After answering the poll, I invite you to join a wide-ranging discussion on these things (definitions from THIS online dictionary below). This can be in relation to any of the arts - not only musical, but also visual, literary, whatever.

*rehash*



> verb [riːˈhæʃ]
> (tr) to rework, reuse, or make over (old or already used material)
> 
> noun [ˈriːˌhæʃ]
> something consisting of old, reworked, or reused material


*spin off*



> Root word: spin
> ...Phrasal Verbs:
> spin off
> To derive (a company or product, for example) from something larger.


*regurgitate* (eg. in terms of an artistic creator's regurgitation of old things/ideas)



> verb.tr.
> To cause to pour back, especially to cast up (partially digested food).


*carbon copy*



> noun.
> 1. (Communication Arts / Printing, Lithography & Bookbinding) a duplicate copy of writing, typewriting, or drawing obtained by using carbon paper Often shortened to carbon
> 2. Informal, a person or thing that is identical or very similar to another


*imitation*



> noun.
> 1. the act, practice, or art of imitating; mimicry
> 2. an instance or product of imitating, such as a copy of the manner of a person; impression
> 3.
> ...


*pastiche*



> [pæˈstiːʃ], pasticcio [pæˈstɪtʃəʊ]
> noun.
> 1. (Fine Arts & Visual Arts / Art Terms) a work of art that mixes styles, materials, etc.
> 2. (Fine Arts & Visual Arts / Art Terms) a work of art that imitates the style of another artist or period
> [French pastiche, Italian pasticcio, literally: piecrust (hence, something blended), from Late Latin pasta paste1]


----------



## violadude (May 2, 2011)

I voted the middle option, but really I don't mind rehash of old stuff that much if it is generally good music, as long as it is between different composers though.
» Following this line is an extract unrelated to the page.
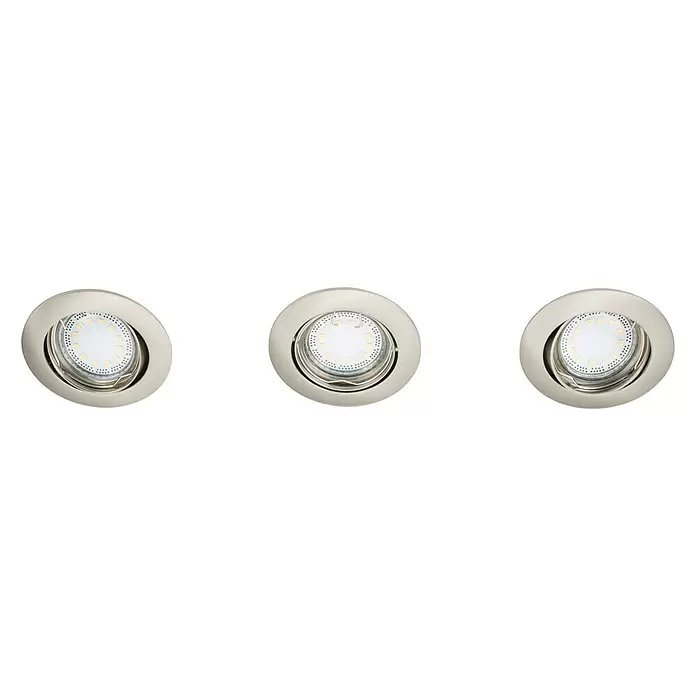 Prolight Led-inbouwspot - Diameter: 9 cm, Nikkel - Vooraanzicht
I can't stand when the same composer keeps doing the same things un-cleverly and doesn't do a very good job at hiding it. The un-cleverly part is quite subjective, but as an example, if you study Mahler or Beethoven, they might tend to do similar things between each piece of music (especially Mahler) but the overall result is so different each time it still comes off as fresh. I found that while listening to Penderecki's later neo-romantic symphonies, it seemed like for the fast bits he used tcertain patterns of notes every time and it got really annoying because every time I heard these patterns I consciously thought "Oh gee, he's doing this thing again?"


----------



## Xaltotun (Sep 3, 2010)

It's a well-known truism that there's nothing new under the Sun, but we can at least mix and match the old stuff to appear as new. I can't stand rehashing / carbon copying if it's the SURFACE of art that's being copied. It's just stupid. It is usually done with right intentions ("old artists did something right"), but because the new artist copies the surface and not the "soul" of the old art, it comes across as very shallow and meaningless. However, I wholeheartedly support digging of the past for the "soul"/meaning of old art, and I think it should be done more. It's just that not everybody can be Da Vinci/Shakespeare/Wagner/Eisenstein/Joyce. It's one thing to be able to see the worthiness of some old genius (not that hard), and another to be able to extract the soul of that genius to your own work of art (VERY hard). So, I think that an artist should only try pastiches when he's certain of his capabilities. Except if it's done for the purpose of comedy, intertextuality, or quoting for the sake of quoting, postmodernist style... then it's all right to carbon copy just the surface... but still, I'll give you bonus points if you can also show that you understand some of the "meaning" as well.


----------



## Weston (Jul 11, 2008)

I voted that I usually like them if only because it can be pleasant to make the connection. It was a great pleasure to hear that one of the most recognizeable themes from Handel's Messiah (FOR - unto us a child is born) has that puzzling emphasis on the word "for" becasue he stole his own melody from one of his italian operas. He reworked and revised it brilliantly to fit in the context and inserted new phrases where it might have seemed cut in stone. 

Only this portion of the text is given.